Climbing is really quite easy to do but notoriously hard to film. Anyone who has been involved in making even a small production of their own realises the logistical difficulties and the problem of making climbing 'interesting' - watching climbers move slowly over a rock face is a rather disembodied experience. And how on earth do you make movies about alpine climbs?!

I was thinking of the 'great' climbing movies (pointedly ignoring 'Cliffhanger') and my thoughts ran back to the excellent thriller The Eiger Sanction with Clint Eastwood and George Kennedy made during the Cold War hysteria in 1975. Since then there have been a few notable high-profile films such as the rather corny 1991 'mountain-buddy' movie K2, the superb Touching the Void by Kevin MacDonald in 2003 and now I think we have the best yet in 2009 - the superb Nordwand (North Face) directed by Philipp Stolzl.

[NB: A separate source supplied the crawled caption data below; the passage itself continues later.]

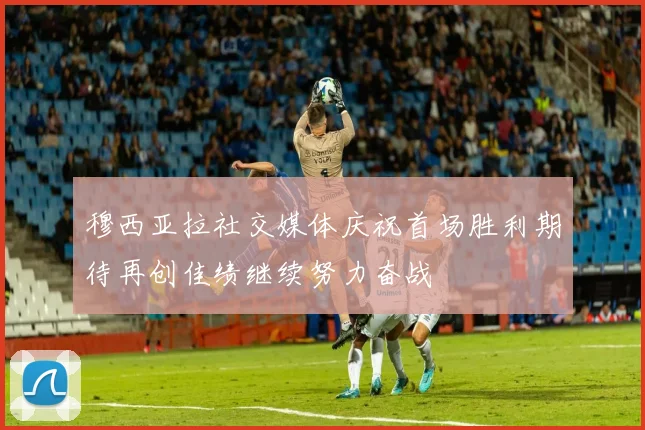 穆西亚拉社交媒体庆祝首场胜利期待再创佳绩继续努力奋战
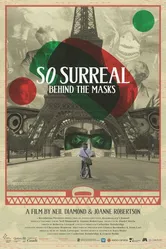So Surreal: Behind the Masks постер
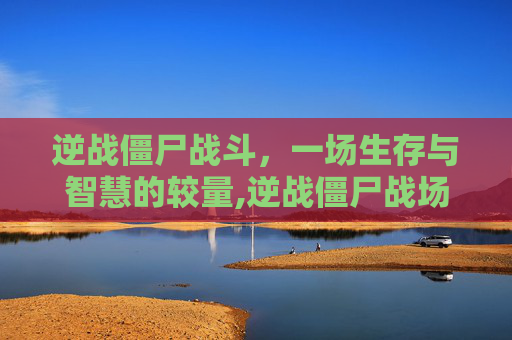 逆战僵尸战斗，一场生存与智慧的较量,逆战僵尸战场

Nordwand relates the tragic chain of events in July 1936 which led two talented German climbers (Toni Kurz and Andi Hinterstoisser) close to the first ascent of the Eiger north face, before turning back to help fellow climbers. The slowly unfolding tale of small errors and fateful combinations eats away at their goal as they try to ascend the mountain. Avalanches and rockfall and exposure threaten them all while the world's media looks on in macabre glee at the unfolding tale of tragedy through the hotels' telescopes. A well-crafted movie with great characterisation and a real feeling of exposure in the action sequences, with the constant ringing of hammered pitons in the background, this movie captures the ambiguous motivations of mountaineering but ends suitably with the purity of some climbers' sacrifices.